Problem requirements = Nothing outside the range is to be copied. From the entries below, reproduce exactly the lines starting at the one with "Here we see" and ending at the one with "about the post.", without pictures.

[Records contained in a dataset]
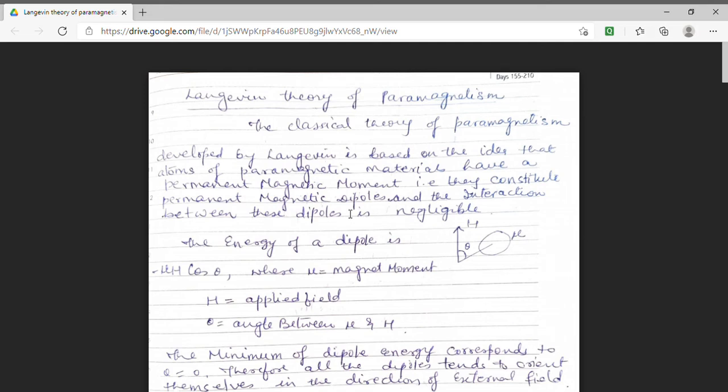Good day students. Myself, Dr. Monika Khetarpal. I am Associate Professor of Physics in Gorman Dungar College, Bikanir. I welcome you all in the lecture series of MSc Final Physics.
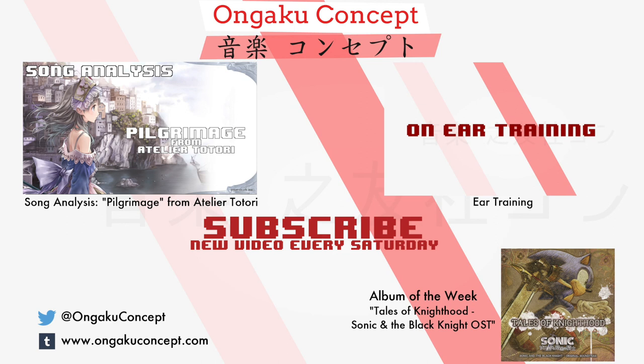Don't forget to subscribe for a new video every Saturday. And check out the website at ongakuconcept.com for sheet music and exclusive content. Thanks for watching! If you've got any questions, you can tweet me at ongakuconcept, or just ask me on the website. And I'll see you guys next week!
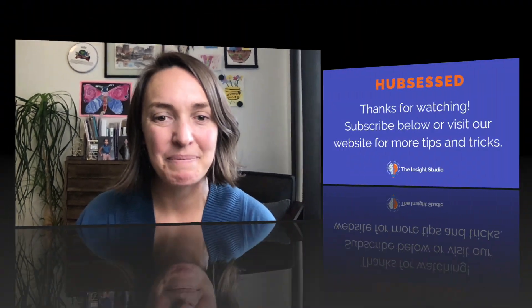If you're looking for help with your HubSpot account or inbound marketing visit us at theinsightstudio.com, we'd be happy to help you. We'll see you next time. Bye.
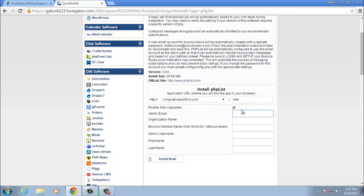For the admin email, you can put the email of your choice. For organization name, if you have one, go ahead and enter it in now.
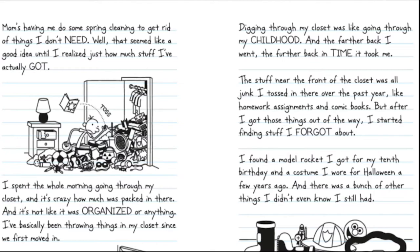The stuff near the front of the closet was all junk I'd tossed in there over the past year, like homework assignments and comic books. But after I got those things out of the way, I started finding stuff I forgot about. I found a model rocket I got for my 10th birthday and a costume I wore for Halloween a few years back. And there was a bunch of other things I didn't even know I still had.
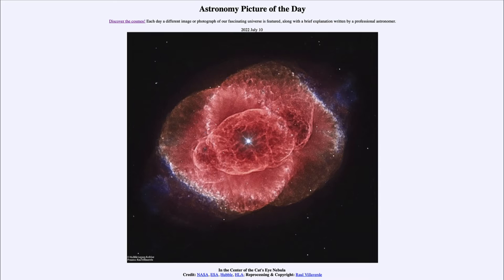So what do we see here? This is the Cat's Eye Nebula, known as NGC 6543, and it is an example of a planetary nebula — and a very complex one at that. There are other planetary nebulae which show different structures; for instance, the well-known Ring Nebula almost looks like a bubble spreading out from a central star.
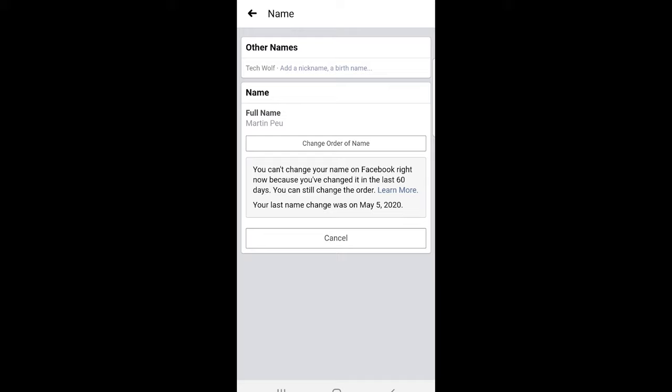As you can see I can't change it because you can change Facebook name only once in 60 days. You can't change your name on Facebook right now because you have changed it in the last 60 days.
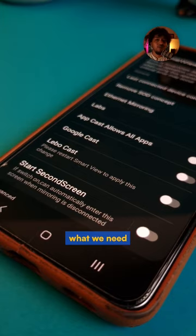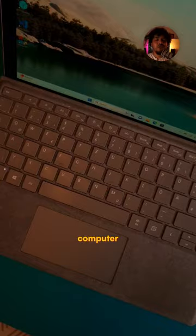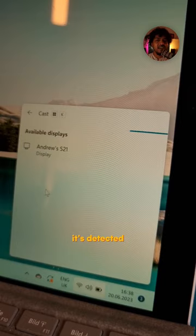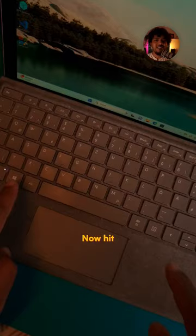What we need here is the Start Second Screen option, so just toggle it on. Within that setting go to Video. Now go to your computer and hit Windows+K — this will open up the cast settings and you can see it's detected my phone already. Double click and then it connects to your device.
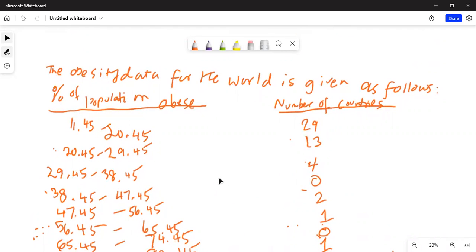The obesity data for the world is given as follows: percent of population obese and number of countries — two columns of data. The first column is percent of population obese, and the second is number of countries. The first class interval is from 11.45 to 20.45 with 19 countries, and the next is from 20.45 to 29.45 with 13 countries, and so forth.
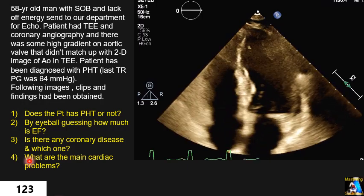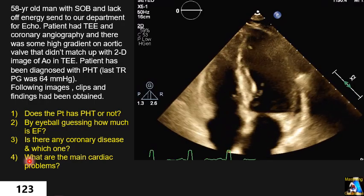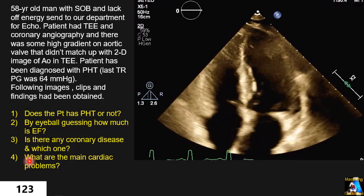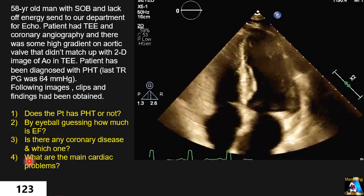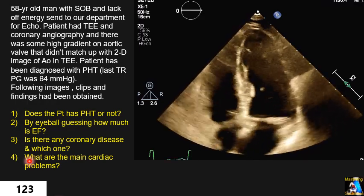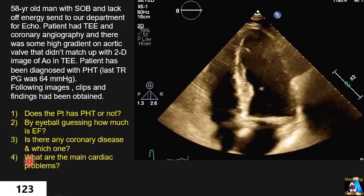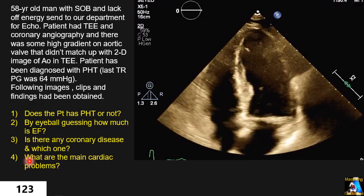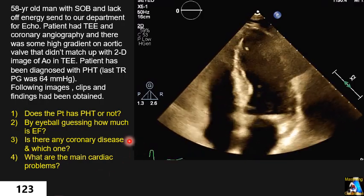In catheterization, they recorded a high gradient on the aorta, but on the TEE it didn't match up with the gradient — because the gradient was over 60, but on 2D TEE it just didn't look like the severe aortic stenosis that I am going to show you shortly.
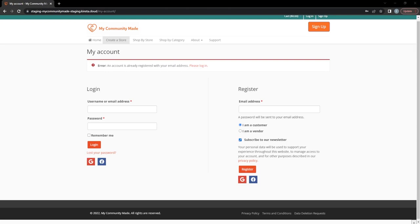Hello, welcome to the My Community Made YouTube channel. I'm on the test site showing you how to create a new shop with My Community Made, as well as answering some frequently asked questions from new sellers. I'll be going over how to create a store, what you might need before you create your store, how to customize options that are special to My Community Made, and how to avoid some common pitfalls when setting up your store.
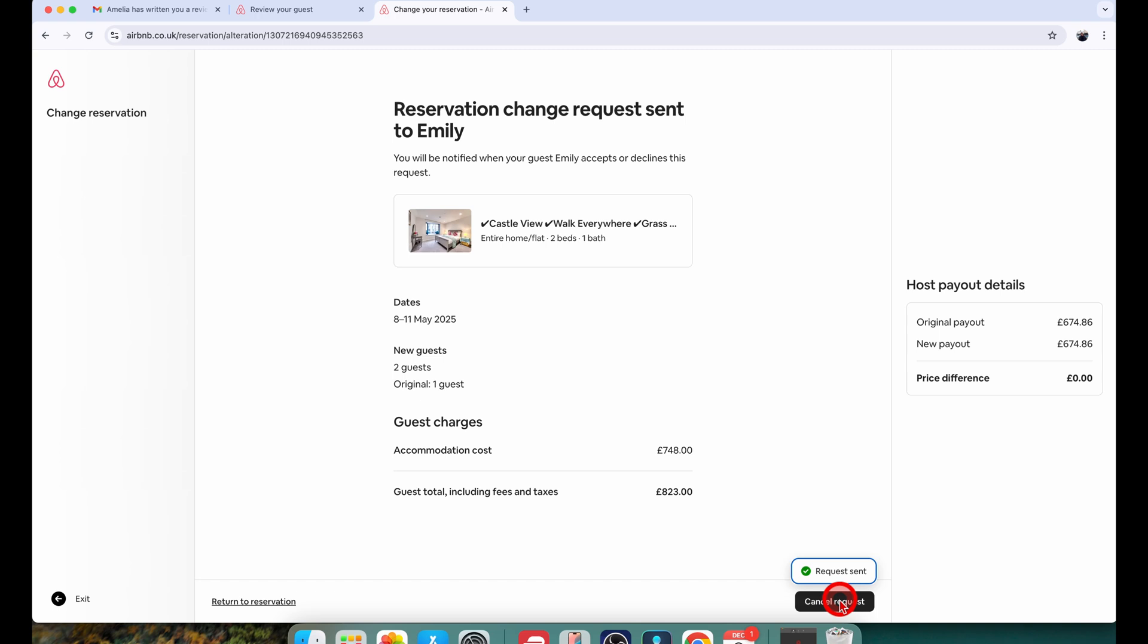The guest count is changing from 1 to 2 and you can see this here as well. Original guest count is 1 and the new guest is 2. All they need to do is accept that change and Airbnb will automatically update the reservation after that.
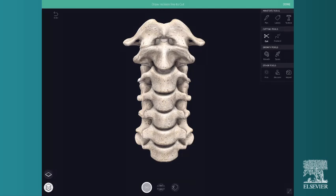There are three styles of cut to choose from: standard cut, cut between, and cut whole.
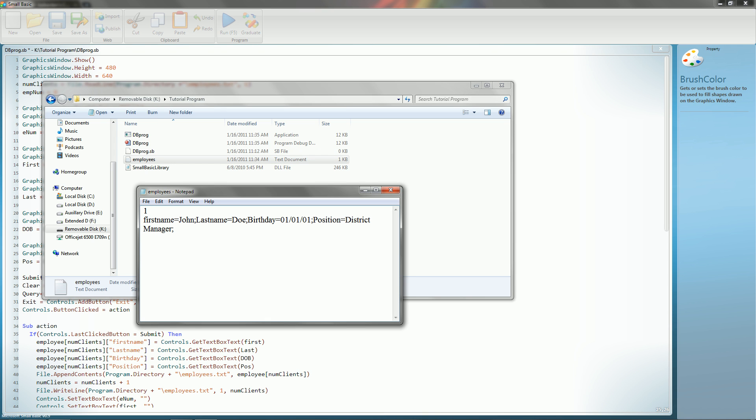So as you can see, when you save the array, you can see here it saves it as first name equals John. And here we have the array of first name, and we get the first name. And it does the same thing with all the other stuff.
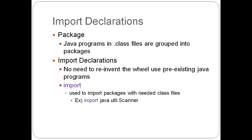So in an import declaration, I threw in the, there's no need to reinvent the wheel. Use pre-existing Java programs. So this is where the import method comes in handy. And in this chapter, I demonstrated the import of the scanner class. So import is used to import packages with needed class files, such as import java.util.scanner.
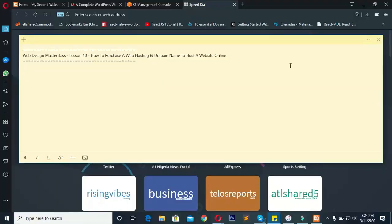In today's class I will be showing you how to purchase a web hosting and a domain name to host any website online. Basically, to set up a website online you need to purchase a web hosting and a domain name. In our previous classes we were working with a local host, meaning our website was only accessible on our system. But when you move a website to an online web hosting, anybody in the world will be able to access it, and your website will be identifiable by a particular domain name.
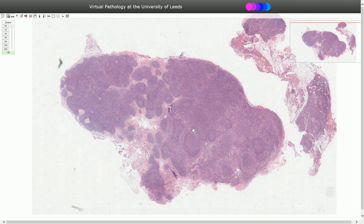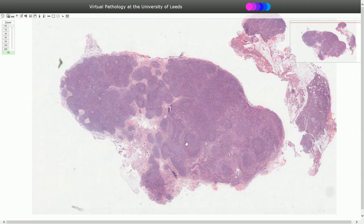Here we see a lymph node affected by Toxoplasmosis. The overall architecture is preserved, and we can identify three important signs that define Toxoplasmosis. The first is reactive follicular hyperplasia — enlarged follicles with activated germinal centers.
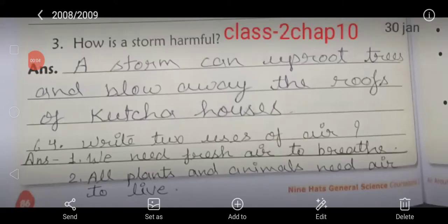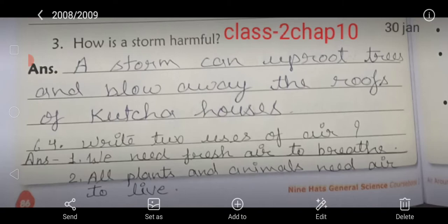Good morning children. Today we will start the revision of chapter 10. We will learn the question and answer of chapter 10. Last period we learned question number one and two, and today in this period we will learn question number three and four.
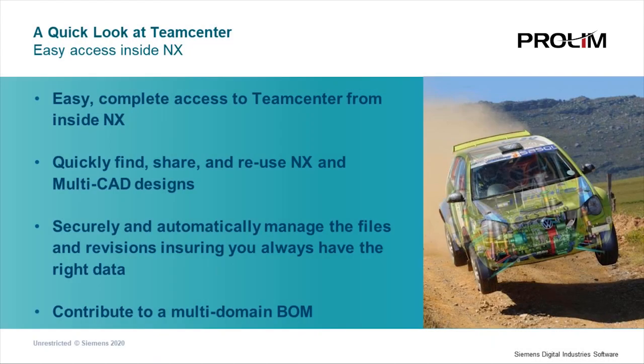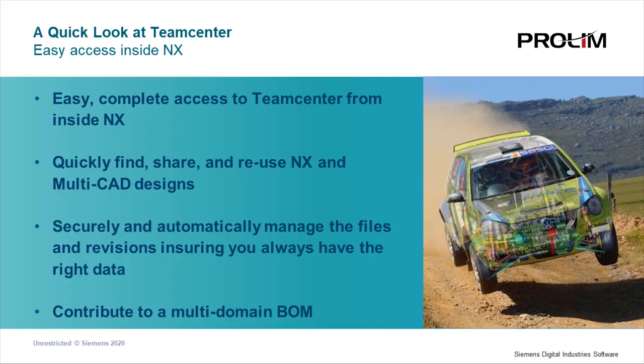Thanks again for watching easy access to TeamCenter inside NX. You saw how easy it is to access TeamCenter right inside NX. Find and reuse CAD designs, automatically manage the files so you always have the right data, and contribute to a full multi-domain BOM, all right inside the NX interface you are already familiar with.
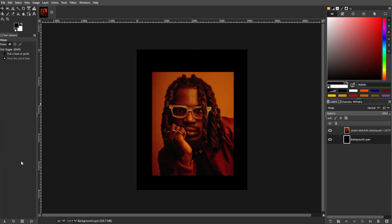When engaging in design work in GIMP, efficient management of layers is essential for a smoother workflow. Alignment tools prove to be a significant time saver, eliminating the need for manual calculations of pixel offsets and other tedious tasks that computers excel at handling.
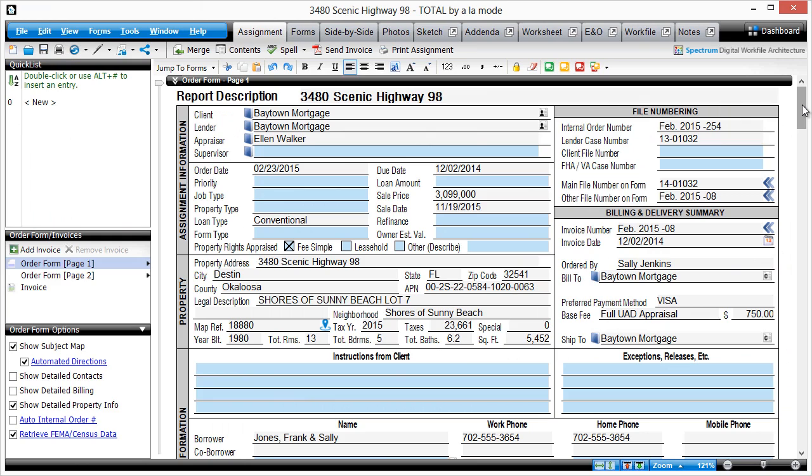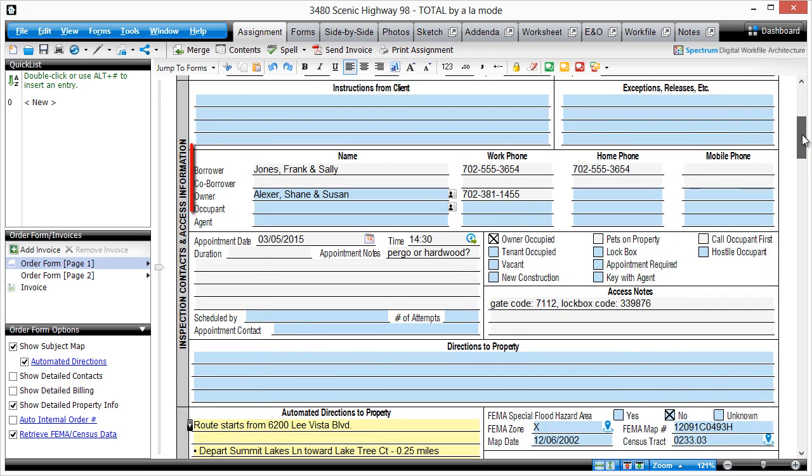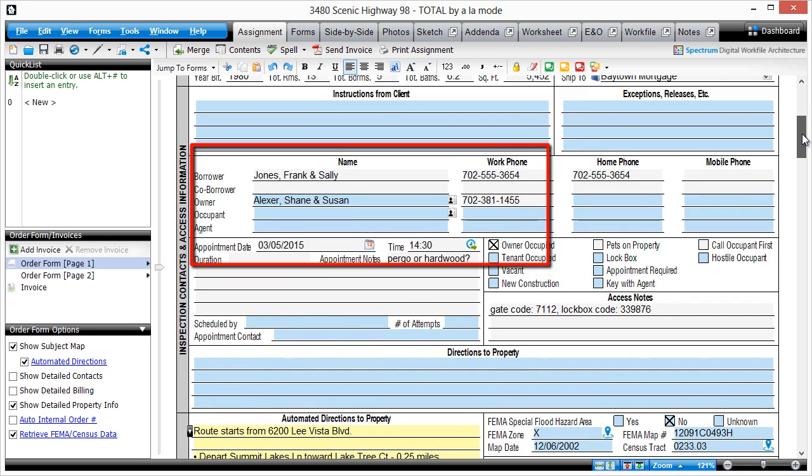This option opens a new report's order form, allowing them to fill out all the job information like client, borrower, fees, and even schedule the inspection.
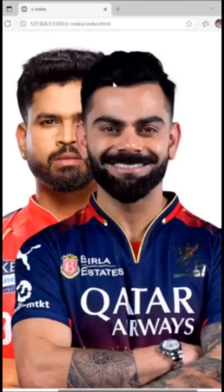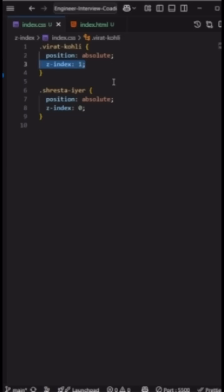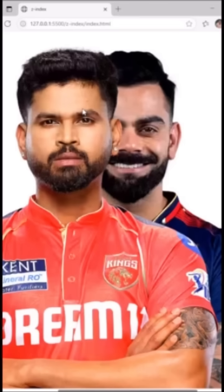So with z-index one, Virat will go on top — see, it is coming on top. Then if I want Sreshth on top again, I have to increase Sreshth's z-index to more than Virat's, and then Sreshth will become on the top. Thank you.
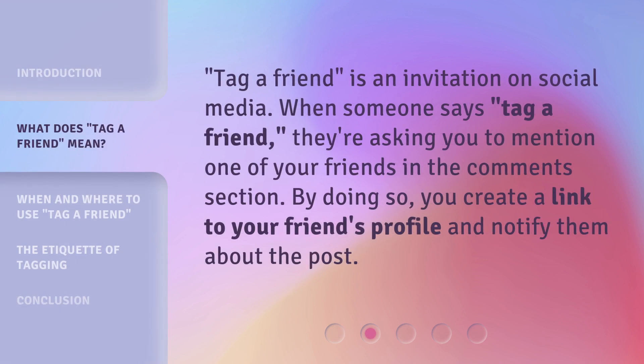'Tag a friend' is an invitation on social media. When someone says 'tag a friend,' they're asking you to mention one of your friends in the comments section. By doing so, you create a link to your friend's profile and notify them about the post.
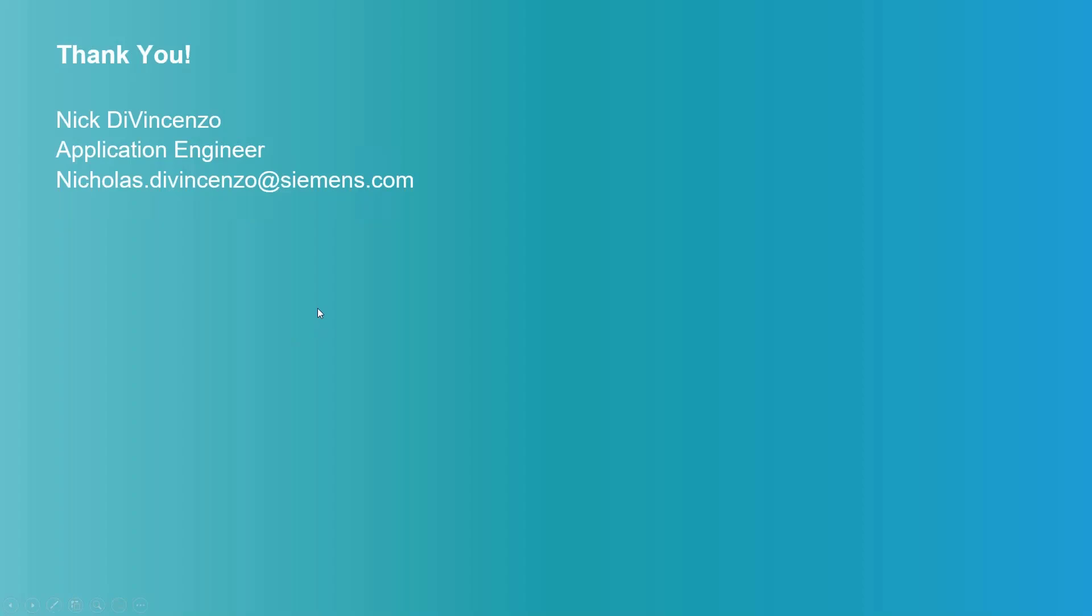That's all I had to present today. As always, if there are any other questions that come up, my email is included in this presentation. Please don't hesitate to reach out to me. I'd be happy to help you.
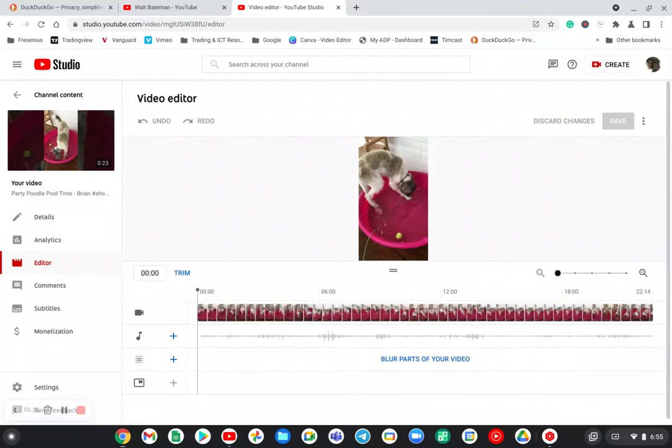So this is just a quick tutorial on how to get to YouTube Studio using your Chromebook. Once again, Chromebook showing that it is very versatile and a great replacement for a PC.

Response box =
Here we see a lymph node affected by Toxoplasmosis. The overall architecture is preserved, and we can identify three important signs that define Toxoplasmosis. The first is reactive follicular hyperplasia — enlarged follicles with activated germinal centers.
Good morning children. Today we will start the revision of chapter 10. We will learn the question and answer of chapter 10. Last period we learned question number one and two, and today in this period we will learn question number three and four.
Thanks again for watching easy access to TeamCenter inside NX. You saw how easy it is to access TeamCenter right inside NX. Find and reuse CAD designs, automatically manage the files so you always have the right data, and contribute to a full multi-domain BOM, all right inside the NX interface you are already familiar with.
When engaging in design work in GIMP, efficient management of layers is essential for a smoother workflow. Alignment tools prove to be a significant time saver, eliminating the need for manual calculations of pixel offsets and other tedious tasks that computers excel at handling.
This option opens a new report's order form, allowing them to fill out all the job information like client, borrower, fees, and even schedule the inspection.
So with z-index one, Virat will go on top — see, it is coming on top. Then if I want Sreshth on top again, I have to increase Sreshth's z-index to more than Virat's, and then Sreshth will become on the top. Thank you.
'Tag a friend' is an invitation on social media. When someone says 'tag a friend,' they're asking you to mention one of your friends in the comments section. By doing so, you create a link to your friend's profile and notify them about the post.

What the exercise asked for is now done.